Other child-advocacy groups, however, have said the lawsuit is not the way to fix the system's problems. “The filing of this lawsuit is shortsighted,” wrote Tamara Steckler, an attorney with the Juvenile Rights Practice of the Legal Aid Society, in a statement. “This lawsuit is being brought by attorneys who have never represented clients in New York City's foster care system, yet purport to know how to fix it, at a time when foster care numbers are at an all-time low and collaboration is at an all-time high.” But Gretchen Biedl and Michael Willner, foster parents who live on New York's Upper West Side, believe the system is inherently flawed. The couple told Refinery29 about the challenges and rewards of raising foster children. They also shared their experiences with the New York City Family Court, which the city government claims is to blame for delays in transitioning children to permanent homes. According to ACS, the Family Court must "approve of any action taken by ACS with respect to foster care placement or return to parent." According to Biedl and Willner, the approval process drags on for far too long. "I get frustrated when they're asking you the same thing over and over again," Willner said. "They're intrusive. Six months after you have a doctor's approval that you're physically capable [to foster a child], you need another one. They come to your house to do inspections multiple times."

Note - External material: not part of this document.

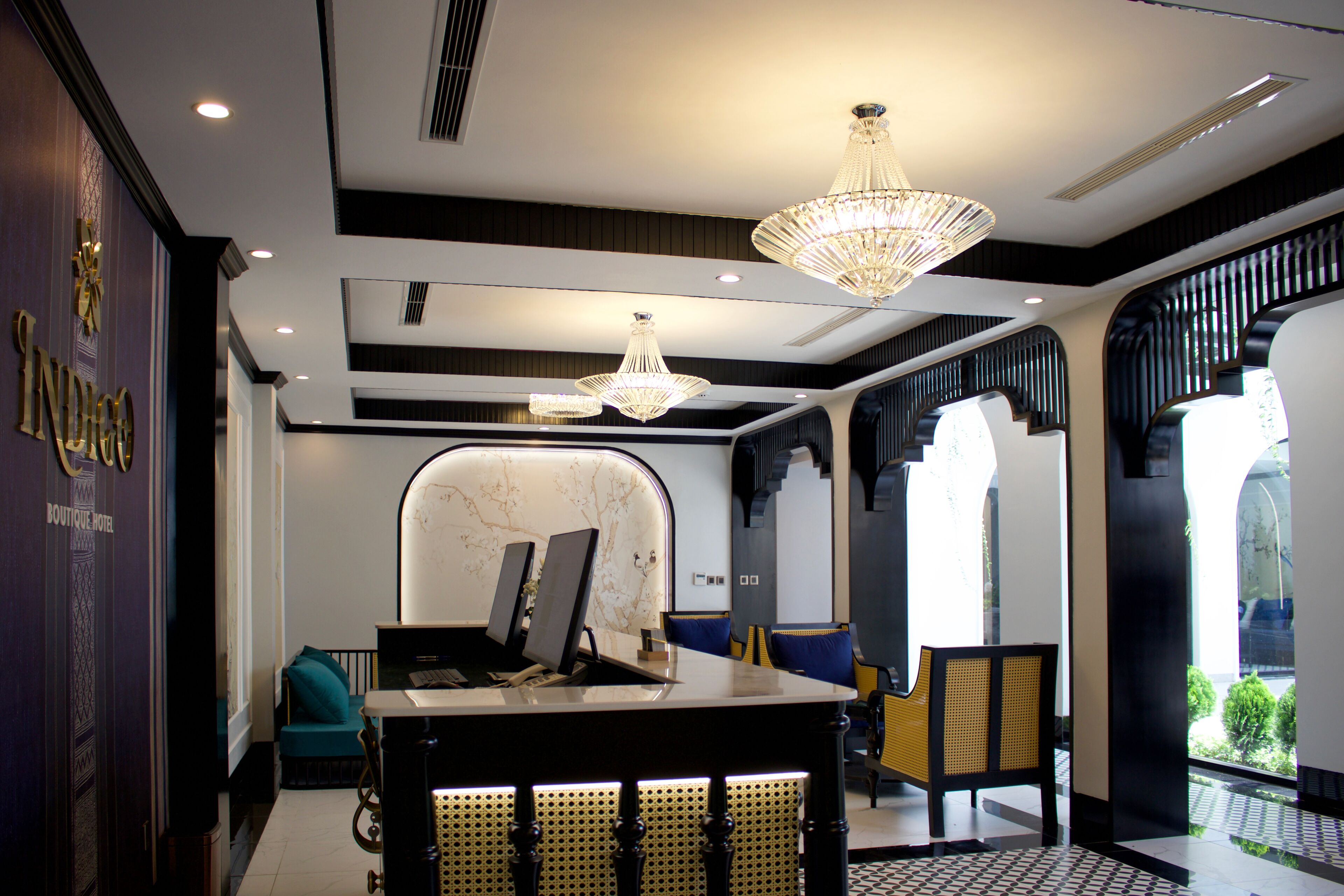 A modern hotel lobby with a reception desk, seating area, and a chandelier.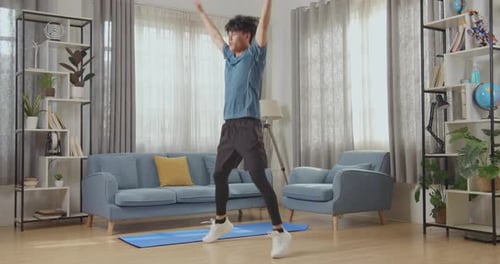 Athletic Fit Asian Man In Sportkleidung macht Jumping Jack Übungen zu Hause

Photo: Courtesy of Gretchen Biedl.
Gretchen Biedl and Michael Willner, New York City foster parents.
Biedl shared a story that brought tears to her eyes. When she was volunteering as a Court Appointed Special Advocate (CASA), she saw a father drive up to New York City from North Carolina to petition for custody of his daughter. "He came regularly," Biedl said. "He wanted her. He would be at the court hearing and the mother would not show up, so they wouldn't give him custody. It went on for months and months while [the child] was languishing in a non-family home." That's why Biedl and Willner are supportive of Lowry's lawsuit. They said they are critical of ACS not because they believe the agency has bad intentions, but because it approaches foster care from a reprehensible policy of quantity over quality. The couple believes that the ACS's focus on hiring more social workers diverts its attention, and its funds, from nonprofits like You Gotta Believe and the Council on Adoptable Children, which are trained in and committed to achieving permanency for foster children. "Creating bureaucracy to solve problems doesn't solve problems; it creates more problems," Willner said, referring to the ACS and Commissioner Carrión's move to hire more than 300 new employees. "What I worry about is just hiring a bunch of people. I know where that goes, and it's not pretty." Biedl added: "The fact of the matter is that the case workers aren't the ones who know how to achieve permanency. The case workers are there to deal with emergency situations. My case workers have never helped me work through a situation; they just ask if I want the kid removed."

My case workers have never helped me work through a situation; they just ask if I want the kid removed.

-Gretchen Biedl, foster parent
The couple also fears the consequences of allowing children to "age out" of the foster care system. According to the 2011 Midwest Evaluation of the Adult Functioning of Former Foster Youth, adults who spent time in foster care have lower-than-average earnings, difficulty paying bills, reliance on government benefits, and high levels of incarceration compared to other adults their age. Since the 1990s, the number of children in foster care in NYC has dropped from 45,000 to less than 15,000. In September 2014, Mayor de Blasio signed a set of laws that require the ACS to compile annual foster care reports that would reveal important information about the number of children who age out of the system, and about high school enrollment and graduation rates for children in the foster care system. Additionally, the laws require the ACS to intensify its efforts to connect children removed from their parents with extended family members. But the groups filing the lawsuit believe that if it succeeds, those initiatives will be reduced to what Lowry, James, and others believe they are — good-faith attempts that have fallen dangerously short.